-- Available data follows --

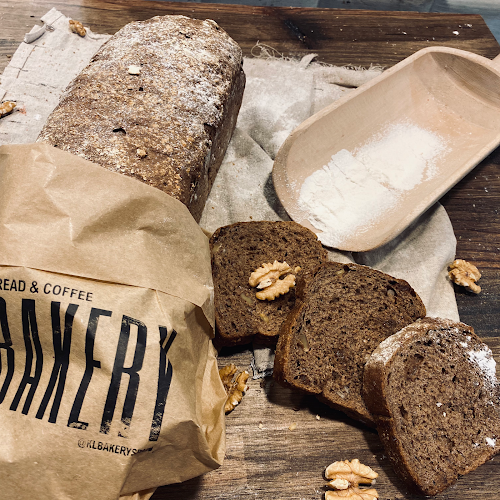 Opinii despre KL Bakery bread and specialty coffee în L'Alfàs del Pi - Gastronomía y hostelería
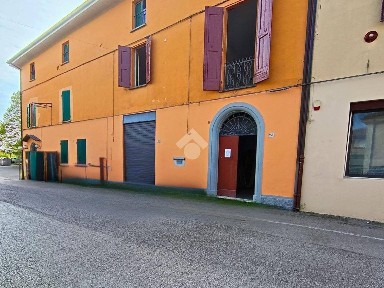 Molinella, Via ferrari severino, 156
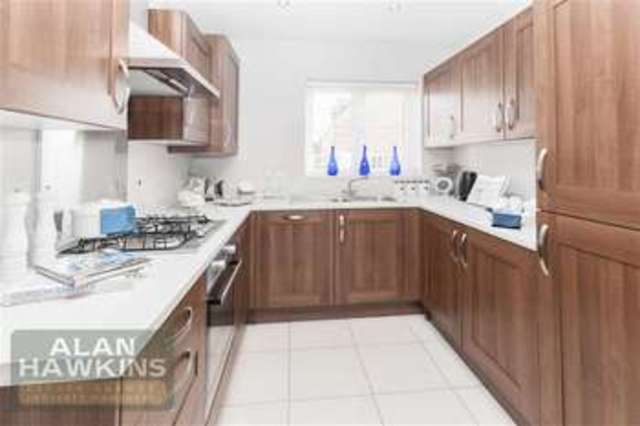  Image of 3 Bedroom Property for sale at Longleaze Swindon Swindon, SN4 8AX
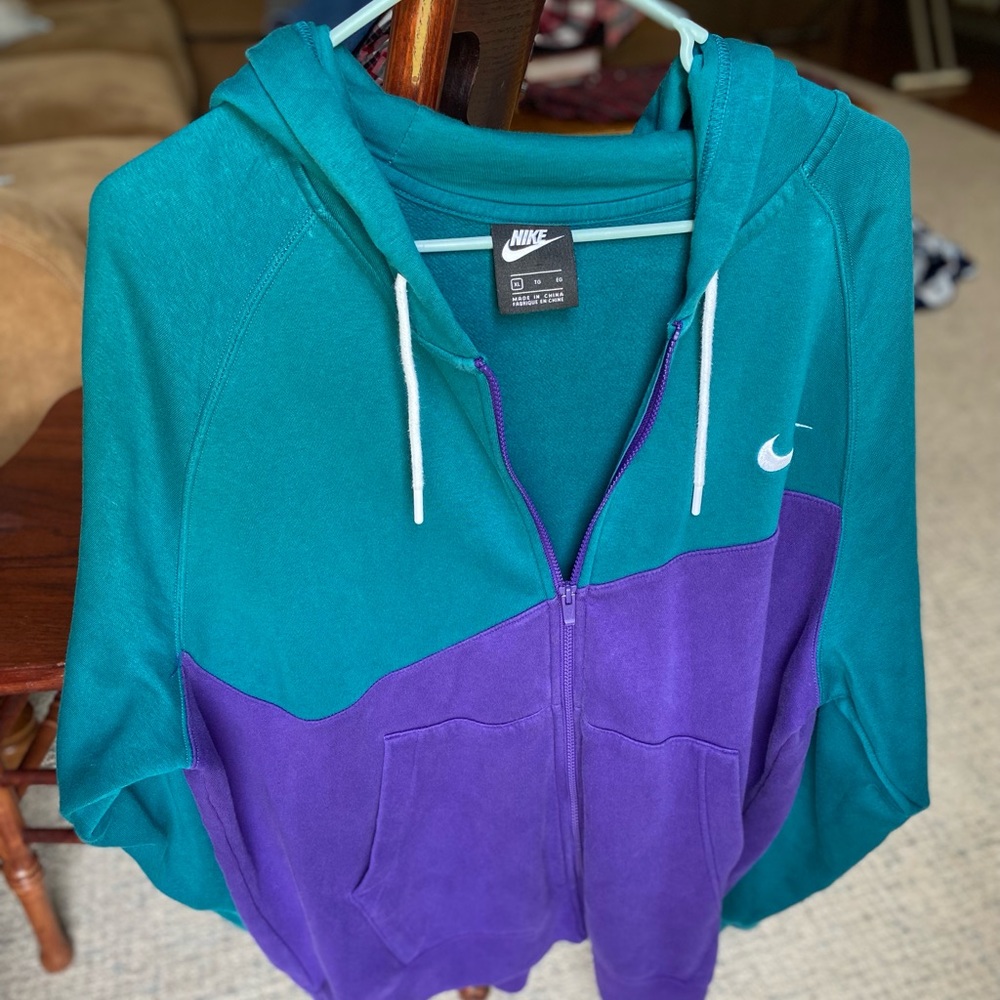 Nike zip up hoodie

-- Available data concluded --

▸ **Your assignment**: Output all the material verbatim, skipping every image.

▸ **Response**:
 Opinii despre KL Bakery bread and specialty coffee în L'Alfàs del Pi - Gastronomía y hostelería
 Molinella, Via ferrari severino, 156
  Image of 3 Bedroom Property for sale at Longleaze Swindon Swindon, SN4 8AX
 Nike zip up hoodie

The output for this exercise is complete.